We will use Seaborn and Matplotlib, the standard plotting library in Python.

In [None]:
%matplotlib inline
import numpy as np
import seaborn as sns
import matplotlib.pyplot as plt

### Seaborn

In [None]:
# Scatterplot of budget vs revenue
sns.lmplot(x="budget", y="revenue", data=movies_with_revenue)
# sns.lmplot(x="budget", y="revenue", data=movies_with_revenue, scatter_kws={"s": 2})

In [None]:
# Same scale on both axes
sns.lmplot(x="budget", y="revenue", data=movies_with_revenue)
plt.xlim(0, max(movies_with_revenue['budget'].max(), movies_with_revenue['revenue'].max()))
plt.ylim(0, max(movies_with_revenue['budget'].max(), movies_with_revenue['revenue'].max()))
plt.gca().set_aspect('equal', adjustable='box')

In [None]:
scaled_values = movies_with_revenue[['budget', 'revenue']].apply(lambda x: x / 1000000)

sns.lmplot(x='budget', y='revenue', data=scaled_values)
plt.xlim(0, max(scaled_values['budget'] + scaled_values['revenue']))
plt.ylim(0, max(scaled_values['budget'] + scaled_values['revenue']))
plt.gca().set_aspect('equal', adjustable='box')

In [None]:
scaled_values = movies_with_revenue[['budget', 'revenue']].sample(n=50).apply(lambda x: x / 1000000)

sns.lmplot(x='budget', y='revenue', data=scaled_values, fit_reg=False)

In [None]:
scaled_values = movies_with_revenue[['title', 'budget', 'revenue']].sort_values('revenue', ascending=False)[:25]
scaled_values['budget'] = scaled_values['budget'].apply(lambda x: x / 1000000)
scaled_values['revenue'] = scaled_values['revenue'].apply(lambda x: x / 1000000)
# scaled_values.head()
sns.boxplot(data=scaled_values[['revenue']])

In [None]:
sns.lmplot(x='budget', y='revenue', data=scaled_values, fit_reg=False)

In [None]:
scaled_values = movies_with_revenue[['title', 'budget', 'revenue']].sort_values('budget', ascending=False)[:50]
scaled_values['budget'] = scaled_values['budget'].apply(lambda x: x / 1000000)
scaled_values['revenue'] = scaled_values['revenue'].apply(lambda x: x / 1000000)
# scaled_values.head()
sns.boxplot(data=scaled_values[['budget']])

In [None]:
# Suppose we want to have an idea of what sort of distribution budgets have in our movie dataset
sns.distplot(movies_with_revenue[['budget']].apply(lambda x: x / 1000000))
# plt.xlim(0, max(movies_with_revenue['budget'].apply(lambda x: x / 1000000)))

### Matplotlib

In [None]:
# Prepare data by sorting and splitting into two separate entities per axii
budgets = movies_with_revenue['budget'].apply(lambda x: x / 1000000).tolist()
revenues = movies_with_revenue['revenue'].apply(lambda x: x / 1000000).tolist()

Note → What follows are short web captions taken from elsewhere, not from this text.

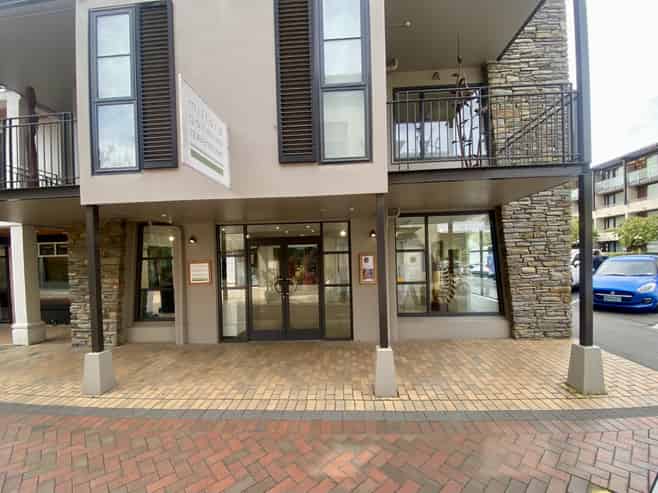 Queenstown CBD Retail Corner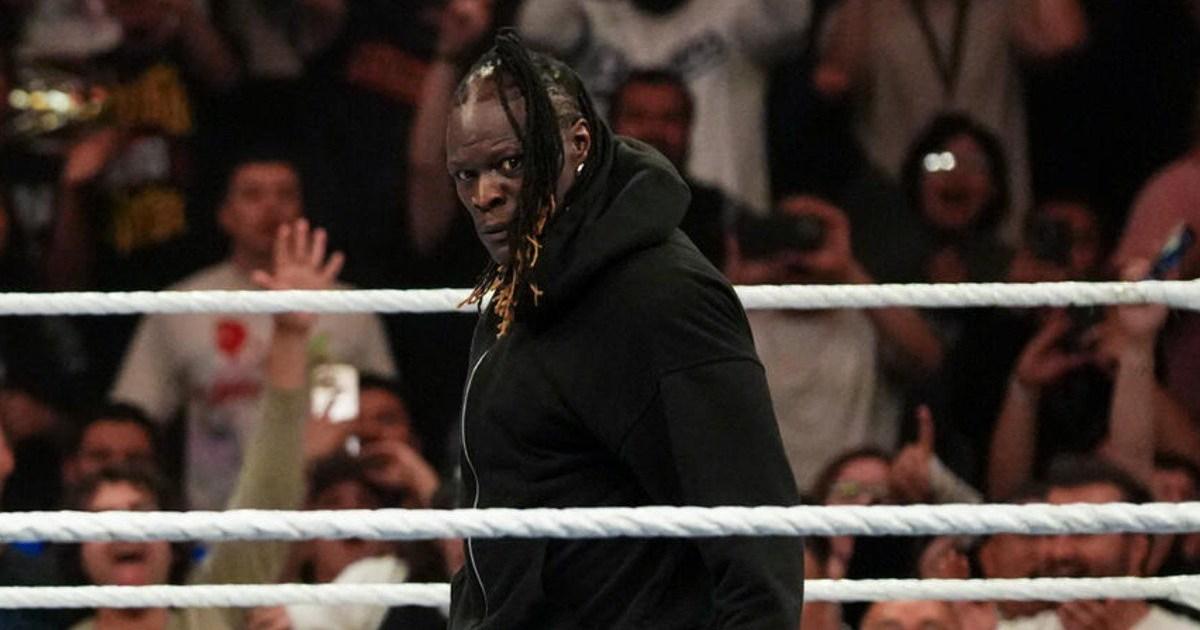 R truth firma contratto con wwe e torna col suo vero nome dopo polemiche R truth firma contratto con wwe e torna col suo vero nome dopo polemiche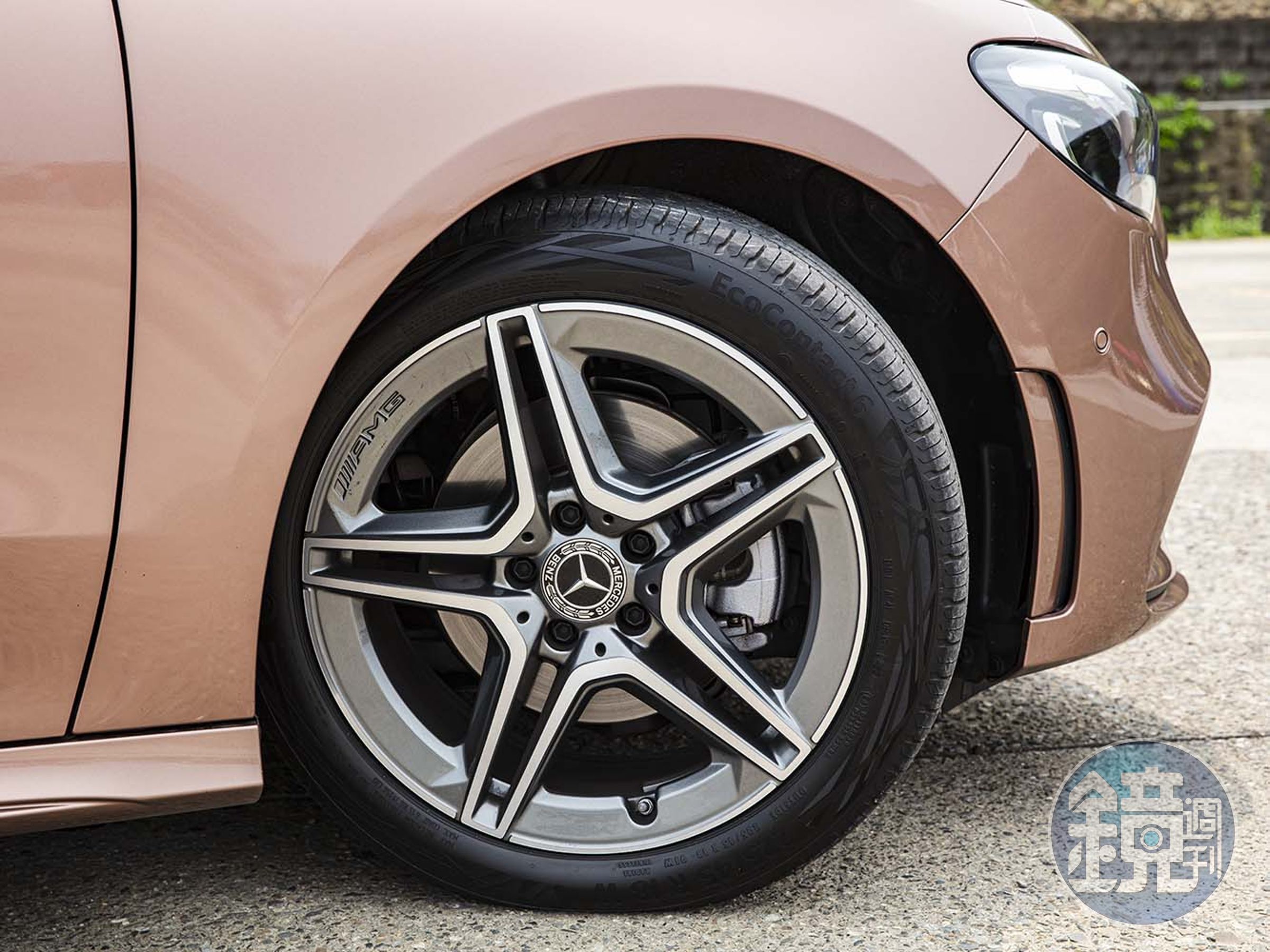 由於車輛配備AMG-Line，輪胎尺寸205/55/R17。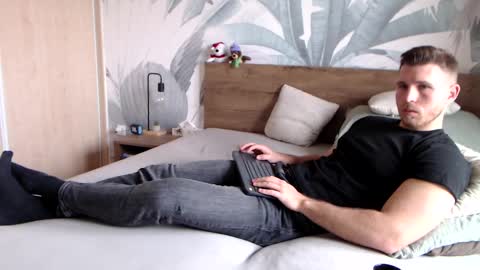 Snapshot of hunterbridges chatting on December 30, 2024, 10:43 am Hunter Bridges online show from December 30, 2024, 10:43 am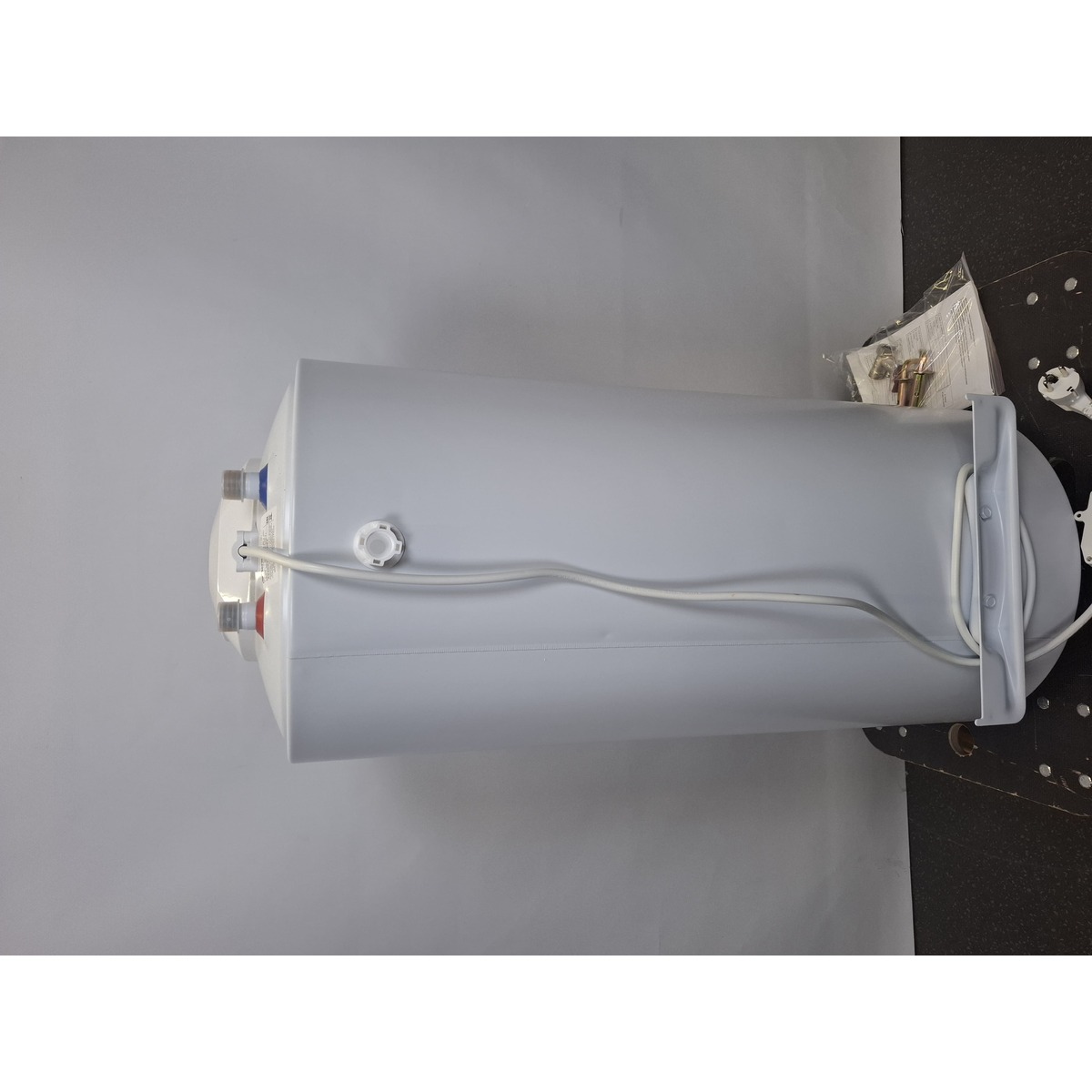 Водонагреватель Thermex TitaniumHeat 60 V Slim, белый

# Monstrosity to be seen later.
#budgets, revenues = zip(*sorted(zip(movies_with_revenue['budget'].apply(lambda x: x / 1000000).tolist(), movies_with_revenue['revenue'].apply(lambda x: x / 1000000).tolist()), key=lambda budget: budget[0], reverse=True))


plt.axis([0, max(budgets), 0, max(revenues)])
plt.plot(budgets, revenues)
plt.xlabel('Budgets')
plt.ylabel('Revenues')
plt.title('Revenues vs Budgets')
plt.draw()

In [None]:
plt.axis([0, max(budgets), 0, max(revenues)])
plt.scatter(budgets, revenues)
# We can make this more readable by shrinking down the sizes
#plt.scatter(budgets, revenues, s=2)
plt.xlabel('Budgets')
plt.ylabel('Revenues')
plt.title('Revenues vs Budgets')
#plt.gca().set_aspect('equal', adjustable='box')
plt.draw()

### Revenue by Genre

Let's try to correlate genres and revenues! As each movie has multiple genre, we'll take the simple approach of duplicating the movie for each genre it exists in.

In [None]:
list(movies_with_revenue['genres'][:1])

In [None]:
import json

def genres_to_sets(json_string):
    input_list = json.loads(json_string)
    return {genre['name'] for genre in input_list}

genres_to_sets(movies_with_revenue['genres'][19995])

In [None]:
movies_by_genre = []

for row in movies_with_revenue[['title', 'genres', 'budget', 'revenue', 'ROI']].itertuples():
    for genre in genres_to_sets(row.genres):
        movies_by_genre.append(row._asdict())
        movies_by_genre[-1]['genres'] = genre
        movies_by_genre[-1]['budget'] /= 1000000
        movies_by_genre[-1]['revenue'] /= 1000000
        
movies_by_genre = pd.DataFrame(movies_by_genre)
movies_by_genre.rename(columns={'genres': 'genre'}, inplace=True)
movies_by_genre.head()

In [None]:
sns.set_style('whitegrid')
plt.rcParams["figure.figsize"] = (20,5)  # Changes the size of the graph
sns.boxplot(x='genre', y='revenue', data=movies_by_genre[movies_by_genre['revenue'] < 1000])

In [None]:
sns.set_style('whitegrid')
plt.rcParams["figure.figsize"] = (20,5)  # Changes the size of the graph
sns.boxplot(x='genre', y='budget', data=movies_by_genre[movies_by_genre['budget'] < 150])

In [None]:
sns.set_style('whitegrid')
plt.rcParams["figure.figsize"] = (20,5)  # Changes the size of the graph
sns.boxplot(x='genre', y='ROI', data=movies_by_genre[movies_by_genre['ROI'] < 20000])
#sns.boxplot(x='genre', y='ROI', data=movies_by_genre[movies_by_genre['ROI'] < 2000])
#sns.boxplot(x='genre', y='ROI', data=movies_by_genre[movies_by_genre['ROI'] < 100])
# sns.boxplot(x='genre', y='ROI', data=movies_by_genre[movies_by_genre['ROI'] < 50])

In [None]:
movies_by_genre[['genre', 'ROI']][movies_by_genre['ROI'] < 1000].groupby('genre').describe()